🤖 AI Summary
To address insufficient incentives and limited scalability in federated learning, this paper proposes a decentralized reward allocation framework based on Client-Specific Tokens (CSTs). The framework integrates DeFi principles with an Automated Market Maker (AMM) mechanism to quantify participant contributions as tradable, investable on-chain tokens. It is the first to enable third-party investment in federated learning processes directly via a tokenized market. Compared to conventional incentive mechanisms, our approach achieves dynamic, transparent, and composable reward distribution—enhancing fairness while significantly improving system scalability and participant engagement.
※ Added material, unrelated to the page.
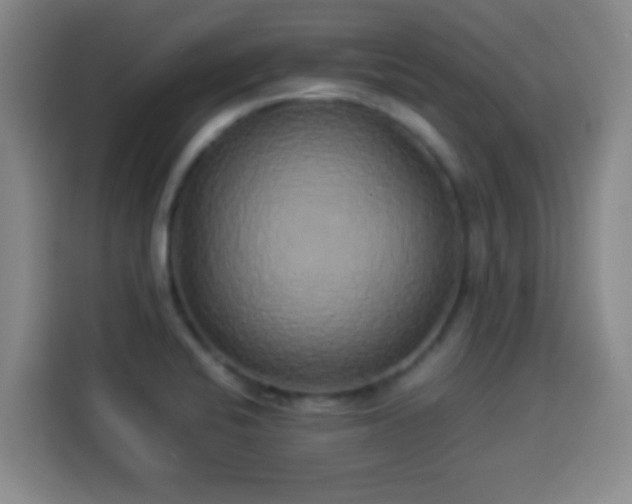 X0000113931424200910021233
Experimental evaluation demonstrates effectiveness across multi-client settings and validates the feasibility of the third-party investment channel.
📝 Abstract
Federated Learning (FL) is a collaborative machine learning paradigm which allows participants to collectively train a model while training data remains private. This paradigm is especially beneficial for sectors like finance, where data privacy, security and model performance are paramount. FL has been extensively studied in the years following its introduction, leading to, among others, better performing collaboration techniques, ways to defend against other clients trying to attack the model, and contribution assessment methods. An important element in for-profit Federated Learning is the development of incentive methods to determine the allocation and distribution of rewards for participants. While numerous methods for allocation have been proposed and thoroughly explored, distribution frameworks remain relatively understudied. In this paper, we propose a novel framework which introduces client-specific tokens as investment vehicles within the FL ecosystem. Our framework aims to address the limitations of existing incentive schemes by leveraging a decentralized finance (DeFi) platform and automated market makers (AMMs) to create a more flexible and scalable reward distribution system for participants, and a mechanism for third parties to invest in the federation learning process.